SUPPLIED RECORDS.
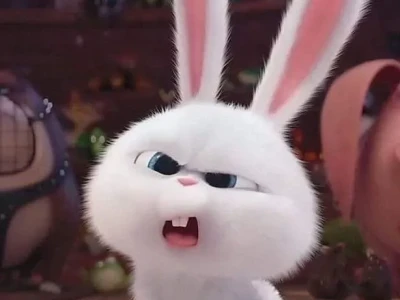Khám phá Thỏ Snowball Meme: BST Ảnh Dễ Thương và Hài Hước Nhất 2026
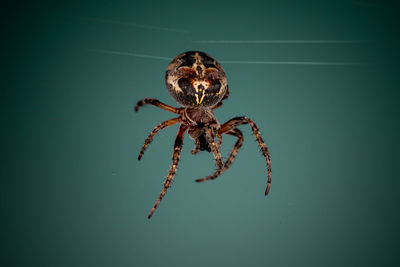 Close-up of spider in the web. araneus.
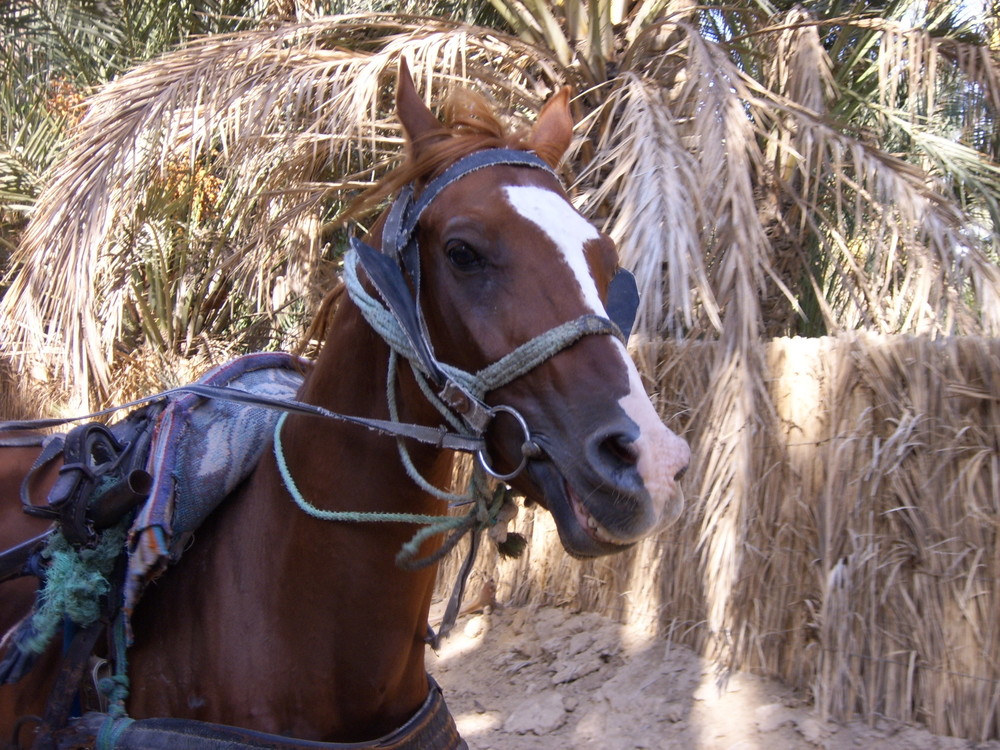 Horse smiling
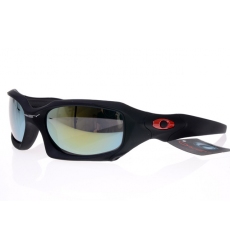 Oakley Glasses-0195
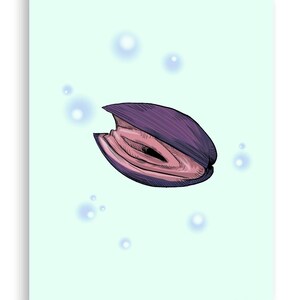May include: A purple and pink clam shell with a light blue background and white circles.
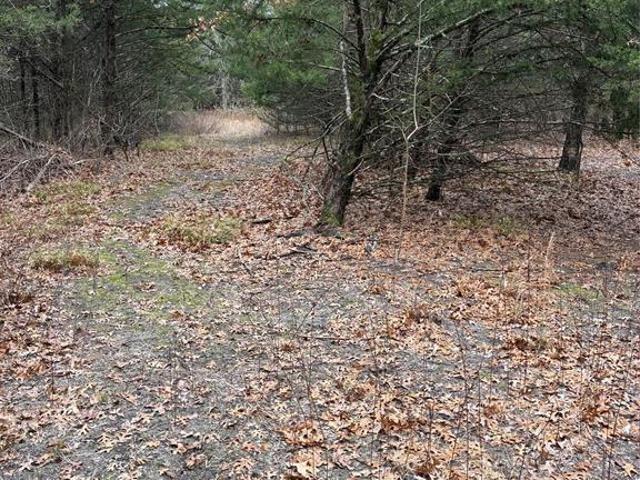 Land for sale in Fannin, Texas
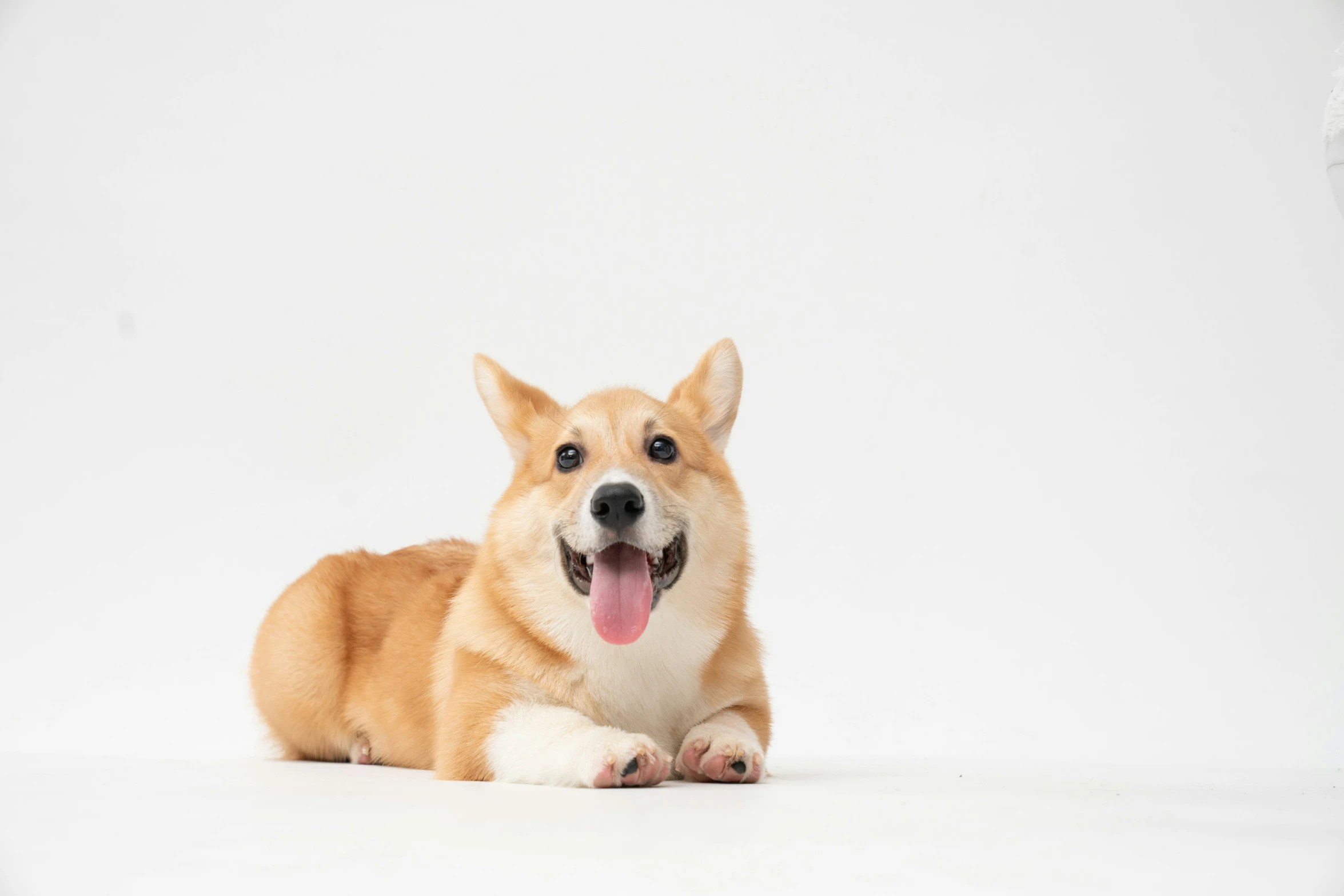 a dog is sitting and panting while it's tongue is out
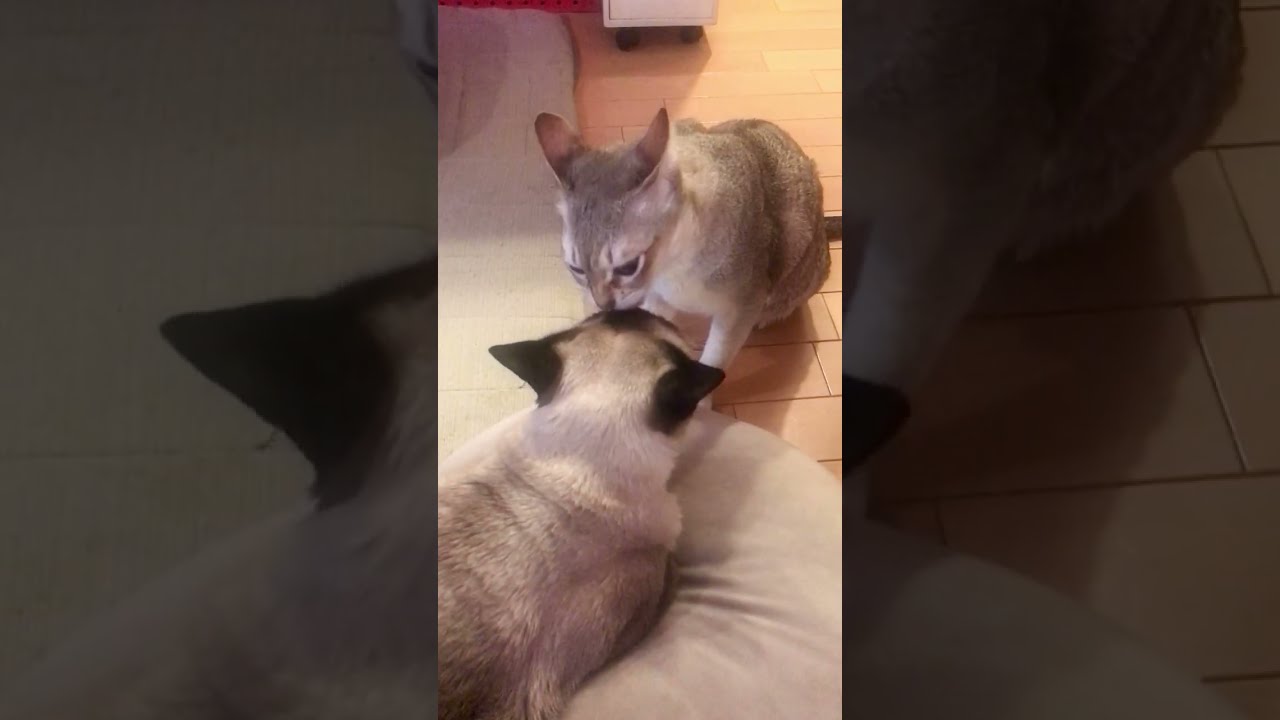 たぬき猫をぺろぺろハムハムしちゃうシンガプーラなのにゃ♪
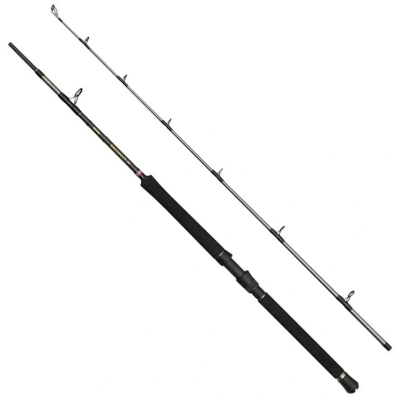 Afbeelding van Penn Regiment IV Boat Rod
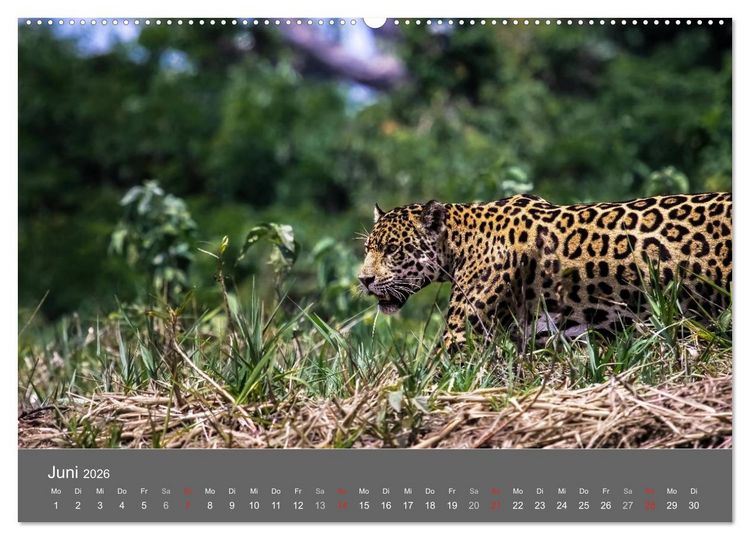 Produktbild: Brasilien 2026 abseits von Rio (hochwertiger Premium Wandkalender 2026 DIN A2 quer), Kunstdruck in Hochglanz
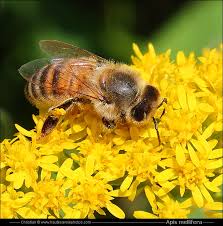 APIS MELLIFERA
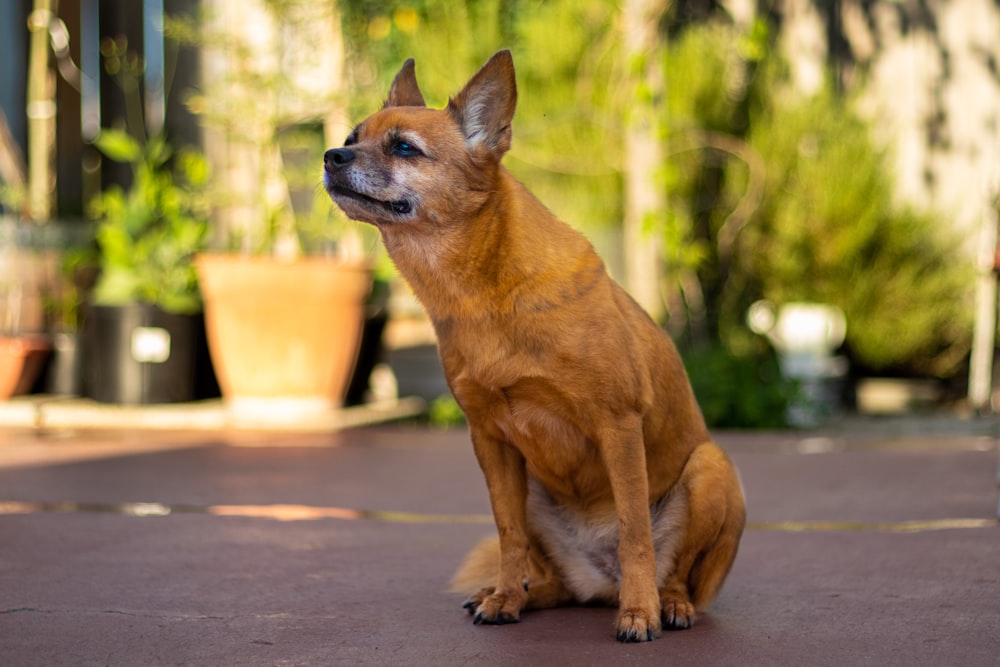 Perro pequeño de pelaje corto marrón en una carretera de hormigón gris durante el día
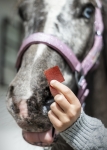 zelki-owocowe-CANDY-HORSE-Fruit-Jellies-wisnia-kardamon-06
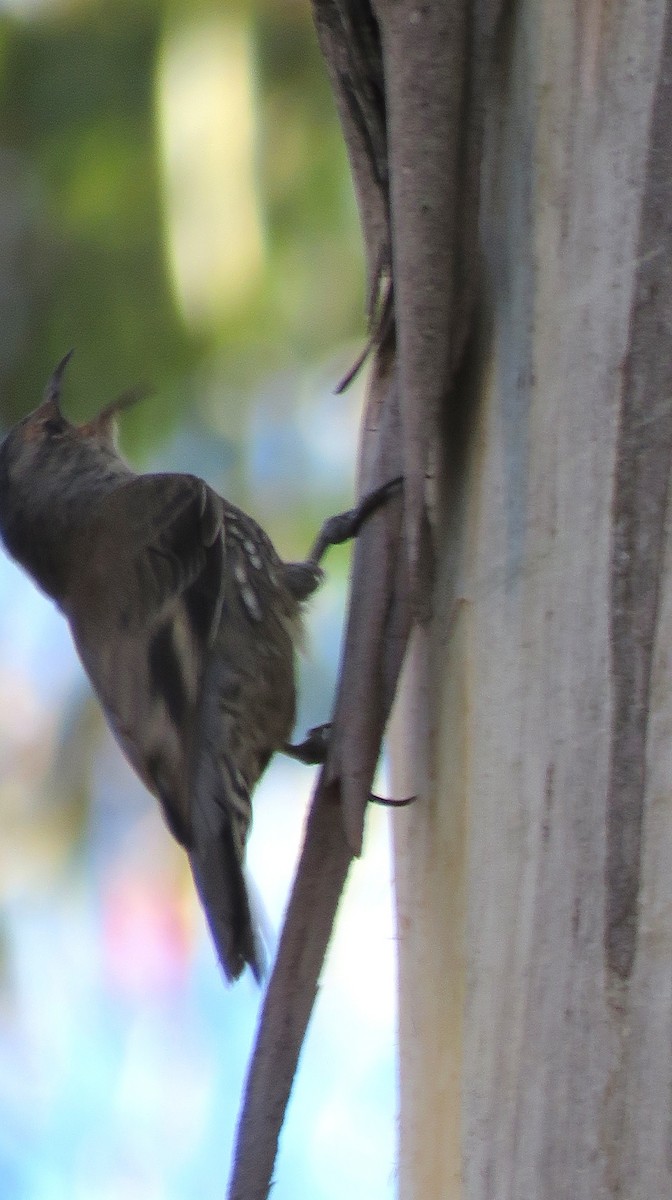 Red-browed Treecreeper - ML93394301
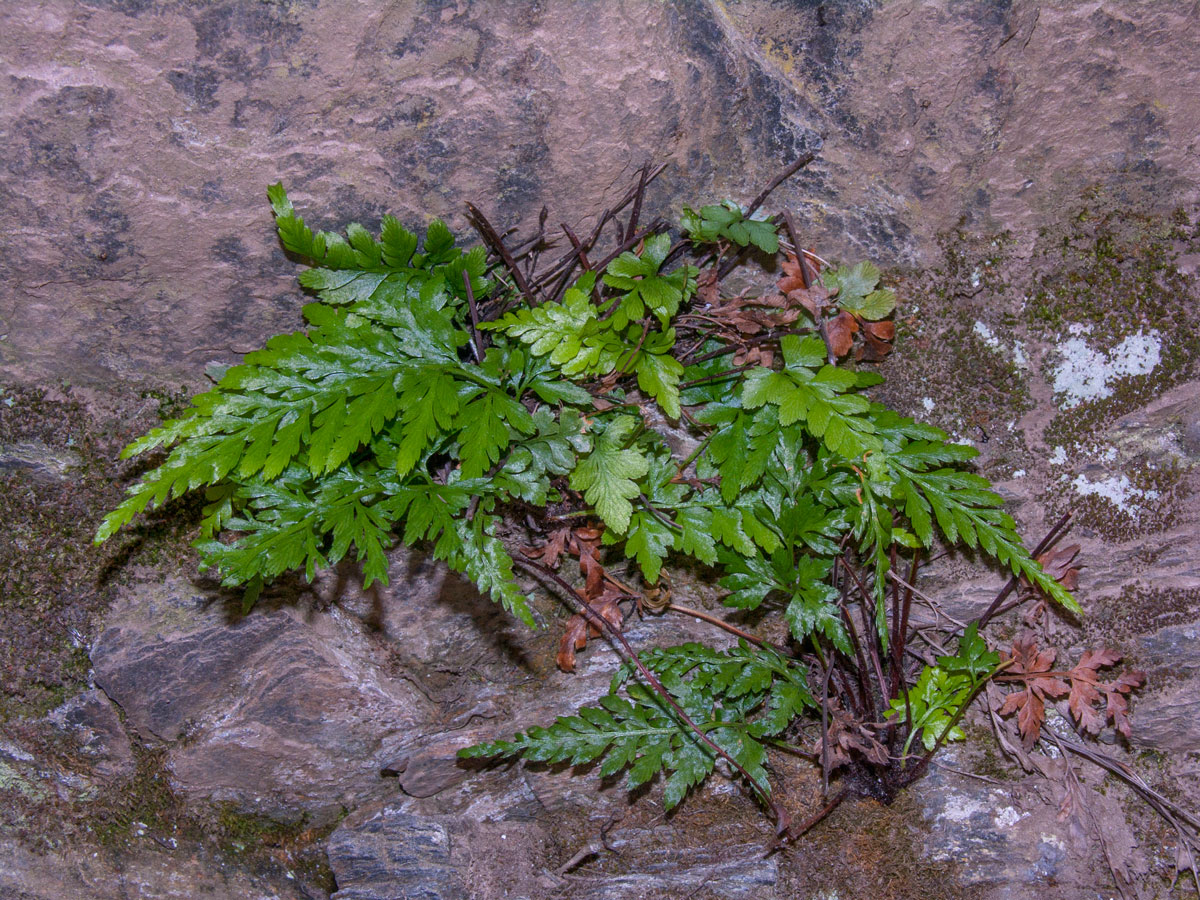 DSCN8579a.jpg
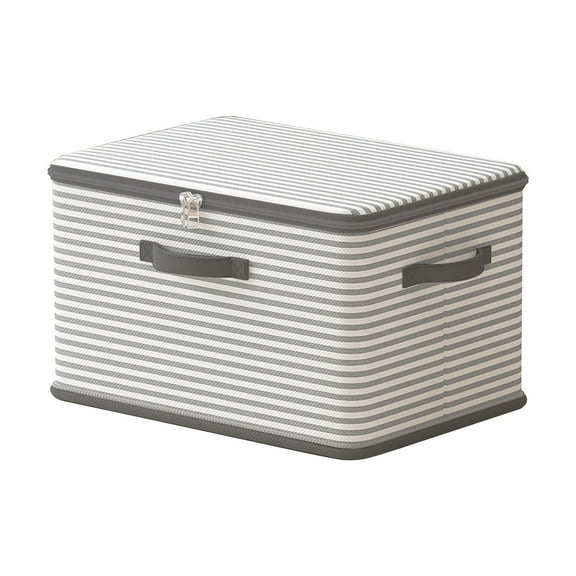 Oioii Portable Wardrobe Sorting Storage Bag and Box Set, Foldable Organizer for Winter Clothes and Cup Storage Indoor, Home Essentials, Household Items, 2XL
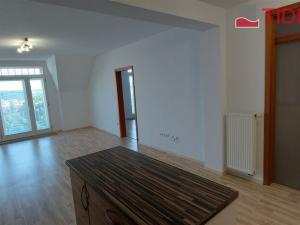 Pronájem bytu 4+kk, Praha, U Havlíčkových sadů, 100 m2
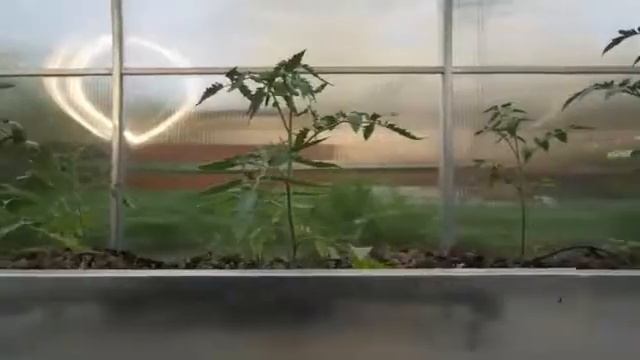 Комплект Струна для подвязки растений в теплице завода Воля от грядка99.рф смотреть онлайн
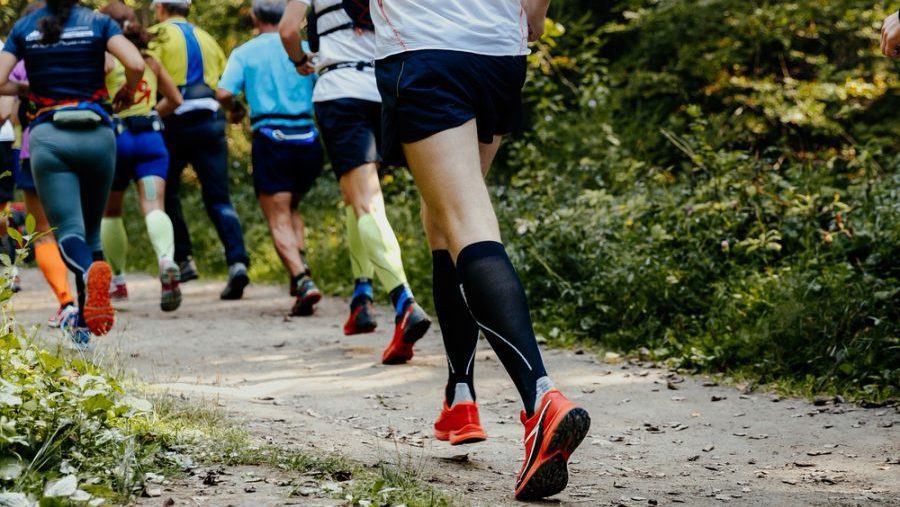 Shutterstock 710795653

WHAT IS NEEDED. Keep every word of the lines above unchanged in the copy, and omit the pictures.

RESPONSE FOR THIS EXERCISE.
Khám phá Thỏ Snowball Meme: BST Ảnh Dễ Thương và Hài Hước Nhất 2026
 Close-up of spider in the web. araneus.
 Horse smiling
 Oakley Glasses-0195
May include: A purple and pink clam shell with a light blue background and white circles.
 Land for sale in Fannin, Texas
 a dog is sitting and panting while it's tongue is out
 たぬき猫をぺろぺろハムハムしちゃうシンガプーラなのにゃ♪
 Afbeelding van Penn Regiment IV Boat Rod
 Produktbild: Brasilien 2026 abseits von Rio (hochwertiger Premium Wandkalender 2026 DIN A2 quer), Kunstdruck in Hochglanz
 APIS MELLIFERA
 Perro pequeño de pelaje corto marrón en una carretera de hormigón gris durante el día
 zelki-owocowe-CANDY-HORSE-Fruit-Jellies-wisnia-kardamon-06
 Red-browed Treecreeper - ML93394301
 DSCN8579a.jpg
 Oioii Portable Wardrobe Sorting Storage Bag and Box Set, Foldable Organizer for Winter Clothes and Cup Storage Indoor, Home Essentials, Household Items, 2XL
 Pronájem bytu 4+kk, Praha, U Havlíčkových sadů, 100 m2
 Комплект Струна для подвязки растений в теплице завода Воля от грядка99.рф смотреть онлайн
 Shutterstock 710795653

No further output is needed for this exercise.